◆ Exercise brief
Print the lines below from the line with "保育士が子供をサポートしてい" to the line with "deck with a lawn" exactly, keeping both ends, and print no pictures.

◆ Information supplied
——————————

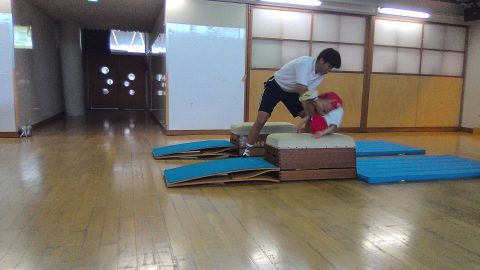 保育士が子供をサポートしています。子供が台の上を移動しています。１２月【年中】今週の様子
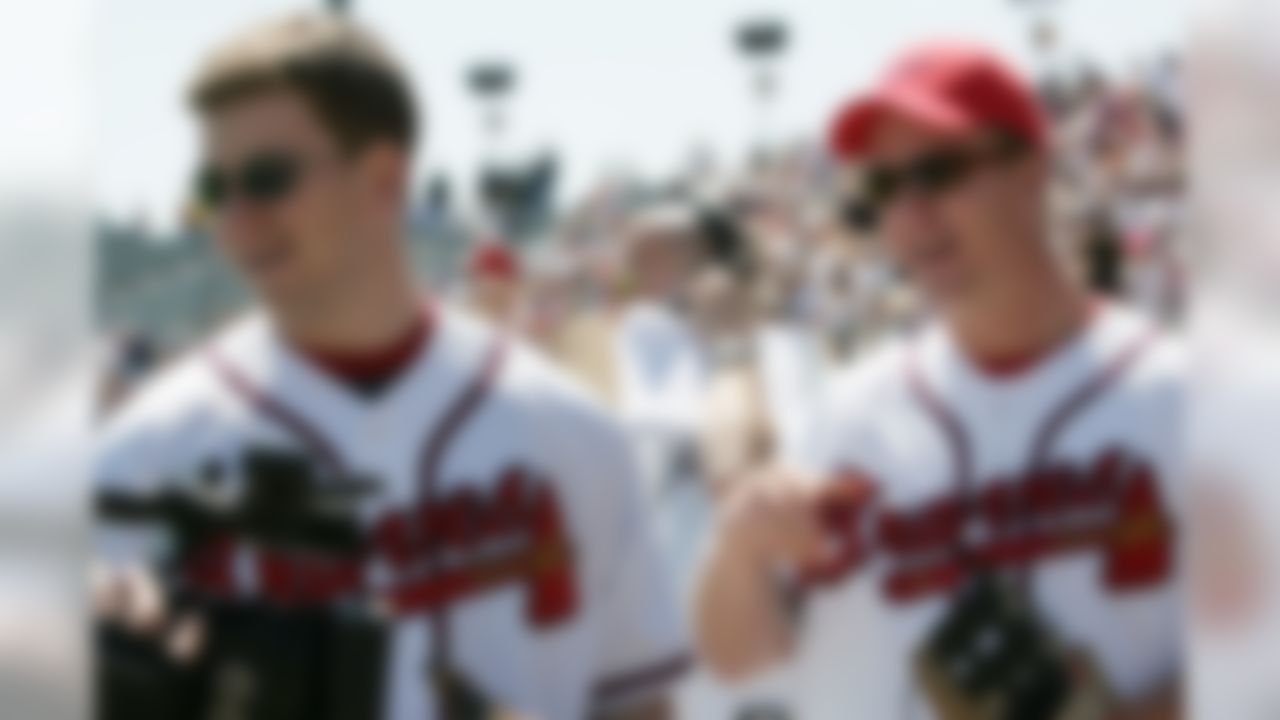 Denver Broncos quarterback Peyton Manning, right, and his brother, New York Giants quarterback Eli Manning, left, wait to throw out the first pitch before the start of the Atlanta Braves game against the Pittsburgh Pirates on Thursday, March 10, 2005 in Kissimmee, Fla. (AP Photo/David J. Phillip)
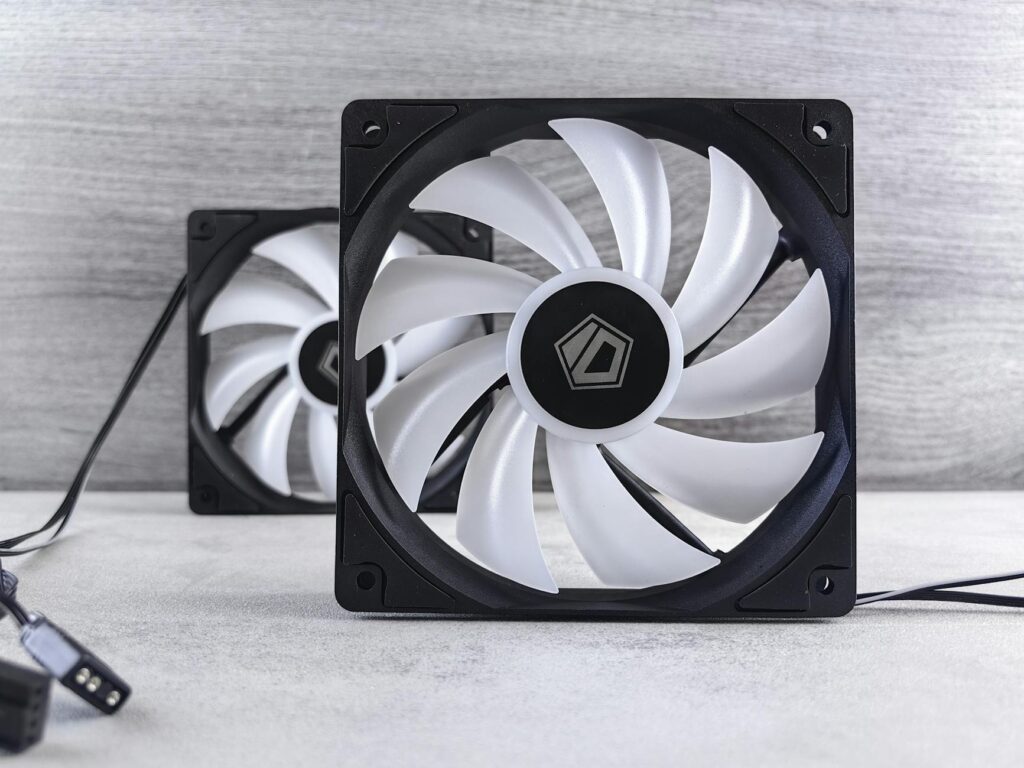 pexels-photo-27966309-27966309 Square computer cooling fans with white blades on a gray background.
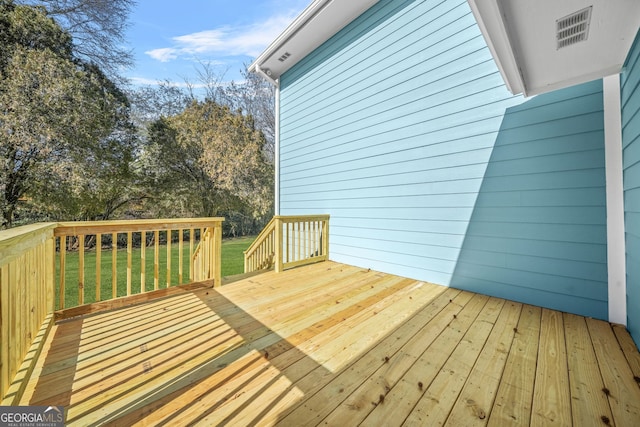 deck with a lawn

——————————

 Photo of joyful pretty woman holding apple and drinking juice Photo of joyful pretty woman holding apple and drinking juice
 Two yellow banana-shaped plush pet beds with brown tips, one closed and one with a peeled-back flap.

——————————

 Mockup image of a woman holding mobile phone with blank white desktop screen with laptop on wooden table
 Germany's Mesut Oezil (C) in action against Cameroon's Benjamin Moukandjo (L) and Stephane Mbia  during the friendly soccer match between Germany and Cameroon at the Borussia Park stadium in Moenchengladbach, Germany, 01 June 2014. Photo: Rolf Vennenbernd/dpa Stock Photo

——————————

◆ Task result
 保育士が子供をサポートしています。子供が台の上を移動しています。１２月【年中】今週の様子
 Denver Broncos quarterback Peyton Manning, right, and his brother, New York Giants quarterback Eli Manning, left, wait to throw out the first pitch before the start of the Atlanta Braves game against the Pittsburgh Pirates on Thursday, March 10, 2005 in Kissimmee, Fla. (AP Photo/David J. Phillip)
 pexels-photo-27966309-27966309 Square computer cooling fans with white blades on a gray background.
 deck with a lawn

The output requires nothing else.